At some point, your kids are going to start working. For some of you, it might be a lot sooner than you would think. All three of my kids just worked most of the summer- the oldest in babysitting, but she also worked at a local farm stand part time, and the younger two both did some small jobs here and there for folks in town. We feel it’s important for kids to start to learn both the value of money but also the importance of saving and prioritizing that money as early as possible. Our son had a goal to build his own computer this summer, and worked really hard to earn several hundred dollars to do so. It made us really proud to see him set a goal and meet then exceed it! Now, at just turned 13, he has a few more things he’d like for his computer but he’s also started saving for his own car for when he turns 16.

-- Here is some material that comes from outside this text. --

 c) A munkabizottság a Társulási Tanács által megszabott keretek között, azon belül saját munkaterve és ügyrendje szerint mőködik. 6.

What We Should Teach Teens About The Working World
If a teenager gets into the working world without knowing what to expect, they can end up making some costly mistakes and getting into bad working situations. For that reason, here are a few things you should teach them from a guest author when they’re looking at their potential first job.
How to manage their money
It’s all too easy for a newly working teen to end up spending every penny they earn the moment they earn it. That is their right, of course. However, it’s also a teaching opportunity to help them take control of their personal finances. Learning to budget, to save, and to put money towards long-term objectives will indisputably help them be more financially conscientious in the future.

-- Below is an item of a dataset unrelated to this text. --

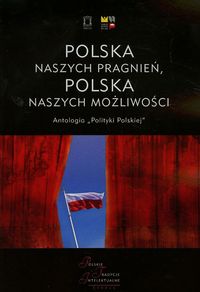 Książka - Polska naszych pragnień, Polska naszych możliwości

There are a few essential ways you can make sure your child doesn’t get taken advantage of. Find out how old do you have to be to work and make sure they aren’t being hired before then, as those employers will typically get away with whatever bad practices they can. Otherwise, ensure that they know they have a right to get paid for their work, a right to overtime, a right to not be harassed and a right to not be discriminated against.
How to be a good employee
Aside from avoiding being taken advantage of, your teen should learn how to get ahead in the workplace, as well. Lay down a few rules that they should always try to follow if they want to be a great employee, such as being punctual, being respectful of colleagues and customers, and being able to a) do what they’re told and b) respond to feedback without taking it personally. Another great tip is not to have friends visiting while they are working!

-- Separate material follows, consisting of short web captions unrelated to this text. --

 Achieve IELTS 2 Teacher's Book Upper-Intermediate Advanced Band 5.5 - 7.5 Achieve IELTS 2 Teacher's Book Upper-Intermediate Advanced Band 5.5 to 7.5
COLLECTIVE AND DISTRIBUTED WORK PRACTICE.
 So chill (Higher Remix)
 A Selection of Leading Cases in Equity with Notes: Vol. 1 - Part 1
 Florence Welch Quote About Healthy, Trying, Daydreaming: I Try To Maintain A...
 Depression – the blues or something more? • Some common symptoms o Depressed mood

Don’t spout off about the job on social media
Kids nowadays will turn to social media to complain about just about everything. There’s nothing to say that whatever grievances they have are not valid. However, not only might their current employer look at their social media history, but future employers might do it too. Complaining about the job on social media is an easy way to reduce your chances of getting hired by anyone in the future. This isn’t just about workplace complaints- it’s really important to teach kids from a very early age about being aware of your digital footprint and understanding that things may not ever be fully gone once posted.
It’s a value that some teenagers have had for years, while others haven’t really cared enough about anything in their life to develop. However, when they get their first job is the perfect time to teach them that work comes before play. Delayed gratification is one of the most valuable skills for getting anywhere in life and it is essential that it’s learned sooner rather than later in life.
You can’t teach your teen everything about the working world. There are some experiences they’re going to have to pick up for themselves. However, there are some ways you can try and steer them into a healthy working life and that’s what the above tips are for.